Throwing The Baby with the Dirty Bath Water : The Ministry of Education






Along the spirit of the educational conference that we have watched lately: The” Wise Forum” in Qatar , established to seek World Educational Innovation and Excellence, I would like to dedicate this post to the appreciation of some of our wise Qatari intellectuals, who could have safeguarded the educational reform initiative in Qatar from slipping to uncertainty :


1- Dr. Abdulla Bin Jumah Al-Kubiasi, the first Qatari to preside Qatar University. Dr. Abdulla supported Qatari faculty and gave them the opportunity to lead and excel. He established the office of technical educational excellence that is reporting directly to the university’s president, supervised many educational reform initiatives (see the historical perspective of these initiatives in his latest published paper).


2- Mr. Mohammed Al-Khulaifi and Ali Al-Manai are of the few who chose the teaching profession over the lucrative public sector jobs , in an era where such a profession was stigmatized as a female profession.

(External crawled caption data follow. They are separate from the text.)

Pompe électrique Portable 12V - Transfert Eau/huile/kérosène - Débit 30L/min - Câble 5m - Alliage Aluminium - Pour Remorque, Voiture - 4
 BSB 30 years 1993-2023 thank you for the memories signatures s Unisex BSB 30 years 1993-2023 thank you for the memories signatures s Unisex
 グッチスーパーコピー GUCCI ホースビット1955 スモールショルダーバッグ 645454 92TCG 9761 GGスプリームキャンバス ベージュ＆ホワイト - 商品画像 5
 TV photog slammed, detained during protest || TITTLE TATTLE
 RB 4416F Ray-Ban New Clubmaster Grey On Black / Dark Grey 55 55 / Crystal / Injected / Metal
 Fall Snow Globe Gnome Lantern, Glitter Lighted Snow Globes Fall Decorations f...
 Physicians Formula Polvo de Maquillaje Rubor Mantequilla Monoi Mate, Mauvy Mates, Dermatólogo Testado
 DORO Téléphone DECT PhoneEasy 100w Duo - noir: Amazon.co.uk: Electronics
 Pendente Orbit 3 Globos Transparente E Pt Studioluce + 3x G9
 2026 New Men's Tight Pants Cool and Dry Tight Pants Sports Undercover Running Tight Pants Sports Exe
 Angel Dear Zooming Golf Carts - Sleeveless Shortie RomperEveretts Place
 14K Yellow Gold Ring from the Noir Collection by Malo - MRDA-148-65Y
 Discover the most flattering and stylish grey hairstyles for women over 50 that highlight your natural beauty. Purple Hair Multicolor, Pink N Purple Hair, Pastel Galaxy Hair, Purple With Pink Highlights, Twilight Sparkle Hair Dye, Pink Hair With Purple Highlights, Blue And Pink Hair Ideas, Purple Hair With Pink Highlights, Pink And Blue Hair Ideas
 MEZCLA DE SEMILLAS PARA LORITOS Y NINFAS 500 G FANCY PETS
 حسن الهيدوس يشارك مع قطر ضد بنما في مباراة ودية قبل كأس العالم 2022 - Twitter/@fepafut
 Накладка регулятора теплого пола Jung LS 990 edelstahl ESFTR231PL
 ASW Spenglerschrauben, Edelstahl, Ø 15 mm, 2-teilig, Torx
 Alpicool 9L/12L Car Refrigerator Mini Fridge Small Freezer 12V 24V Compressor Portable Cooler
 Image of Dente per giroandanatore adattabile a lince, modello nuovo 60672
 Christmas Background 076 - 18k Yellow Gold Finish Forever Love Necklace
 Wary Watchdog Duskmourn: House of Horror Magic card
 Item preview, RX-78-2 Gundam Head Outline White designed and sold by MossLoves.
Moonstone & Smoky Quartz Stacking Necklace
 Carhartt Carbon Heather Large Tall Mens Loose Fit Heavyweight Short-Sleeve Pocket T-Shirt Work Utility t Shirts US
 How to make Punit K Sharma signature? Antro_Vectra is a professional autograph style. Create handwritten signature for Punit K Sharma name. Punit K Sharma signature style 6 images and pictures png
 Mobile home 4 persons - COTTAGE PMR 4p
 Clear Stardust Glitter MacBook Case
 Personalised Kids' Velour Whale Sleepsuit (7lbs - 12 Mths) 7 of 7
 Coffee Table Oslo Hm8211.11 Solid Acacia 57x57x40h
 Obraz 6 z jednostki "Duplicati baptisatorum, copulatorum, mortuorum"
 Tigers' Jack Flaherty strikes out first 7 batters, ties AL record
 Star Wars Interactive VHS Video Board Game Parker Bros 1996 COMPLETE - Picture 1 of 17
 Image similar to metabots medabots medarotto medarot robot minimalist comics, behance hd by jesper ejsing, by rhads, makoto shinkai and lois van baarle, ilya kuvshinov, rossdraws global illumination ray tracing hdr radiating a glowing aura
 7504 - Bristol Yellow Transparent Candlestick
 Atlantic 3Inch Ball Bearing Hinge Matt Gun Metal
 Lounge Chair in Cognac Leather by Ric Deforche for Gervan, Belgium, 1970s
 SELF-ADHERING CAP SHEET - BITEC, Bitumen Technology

3- Mr Lahdan Al- Muhandi, an advocate and outspoken writer who wrote on several occasions about the educational reform in Qatar.


4- Last but not least Aisha Bint Ali Bin Jaber Al-Thani, who spoke her mind on educational reform, where other educationalists chose to follow the crowd .







A sequence of articles published in the Qatari newspaper Al Watan during last May, on the philosophy behind the education policy in Qatar.
[1] The articles threw light on the policy formulation and practices within the education sector from elementary to tertiary levels. Furiously and harshly pinpointed many hiccups that would hinder the creation of a Qatari citizen compatible with the a knowledge–based economy, the kind of citizen Qatar is aiming for, according to the vision designed by the Secretariat for Development Planning. These articles seemed to miss one important point by putting all the blame on one person, the minister of education who was caught in reporting to a double line of authority; the ministry of education reporting to the cabinet on one side, and the supreme council of education on the other. This editorial outcry is only the tip of the iceberg. Many parents and educationalists are outraged and crying their guts out on the same issue, but unfortunately only within their private surroundings, never in an open societal dialogue.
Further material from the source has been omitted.